E, alla fine, ci ha creduto pure il tribunale di Vicenza. Così, invece dei dodici anni previsti dal co­dice per stupro o  i cinque e mezzo richiesti dall'accu­sa  il focoso playboy   ha subito una pena ( si fa per dire ) di un anno e quattro mesi e la condanna a versare 20mila euro di risarcimento alla piccola vittima. Perchè, in fondo, «era amore». Un «ve­ro, autentico, sentito e irresistibile  sentimento d'amore». Che dire?
A noi sem­bra tutto folle.

Non conosciamo la tredi­cenne in questione e non com­metteremmo mai l'errore di sottovalutare il potere di una lolita. Nè quello di una madre distratta. Specialmente oggi che, secondo una ricerca da poco pubblicata, il primo rap­porto sessuale avviene proprio verso i tredici anni. Quando è solo dai quattordici in poi che si è considerati legalmente "maturi" da quel punto di vi­sta. Per carità, sono tutti quesiti interessanti e tutt'altro che se­condari. Che ci appassionano un po' meno solo perchè, oggi, dall'altra parte, c'è un "bam­boccione" ( il macellaio) economicamente evoluto, socialmente evoluto che ritiene che tra lui e la bambina  di ventun anni più giovanedi lui fosse «vero amore».

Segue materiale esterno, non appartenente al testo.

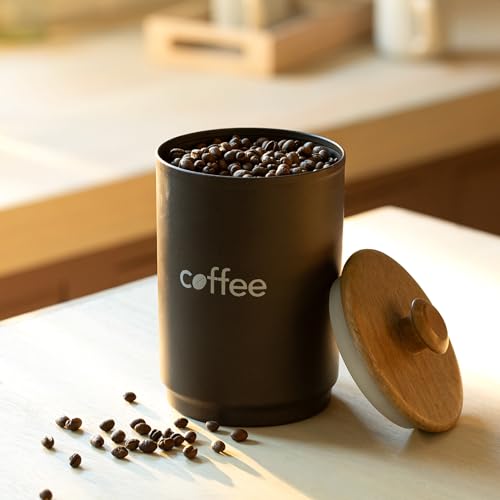 Ellementry Charcoal Brown Coffee Jar with Lid, Rustic Airtight Storage Container for Tea, Coffee, Sugar, Snacks for Kitchen use, Organizer for Countertop & Pantry Use (11 x 11 x 18 cm) - Image 1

Per carità, nella vita tutto può succedere. Ne siamo drammaticamente consci. Ma scambiare il sembiante dell' amore per amore, è una cosa che smette di succede­re quando si entra nell'età adulta. E’ una cosa che, ap­punto, succede agli adole­scenti con loro passioni bol­lenti scambiate per ultime quando in realtà sono solo le prime, scambiate per uni­che quando, in realtà, ne se­guiranno a dozzine. Sono pulite e assolute.

Rese eterne  dai poeti come quella di Giulietta e Romeo raccontata da Shakespeare. Che non a caso erano ado­lescenti, che non a caso era­no coetanei. E' quello che succede quando si è piccini, appunto. Se accade dopo, tocca dargli un altro nome. Oppure, tocca darsi un'altra vita. Cercarsene una. Come dovrebbe fare, indipenden­temente dalla sua pena "low cost", il signor Antonio Di Pascale di anni trentaquat­tro. Macellaio e vicentino. Capace di grandi conquiste e di ancor più grandi convincimenti. Perchè ha fatto capitolare una tredicenne e perchè in tribunale ha tirato fuori il cellulare, come in un libro di Moccia. Come in una scena girata da Muccino, come un sabato sul ponte Milvio tra lucchetti e motorini. Mes­saggi e messaggini, con pa­rolette e paroline ricevute da lei. A dimostrazione del fatto che... Vedete? «Era amore».

Sì, signor Di Pascale. Ma­gari quello è pure amore. Solo che non è a lei che deve arrivare addosso. E’ lei che fa pena e , mi scusi, repugnanza. E’ lei che per certi "amori" è scadu­to, come un prodotto ava­riato.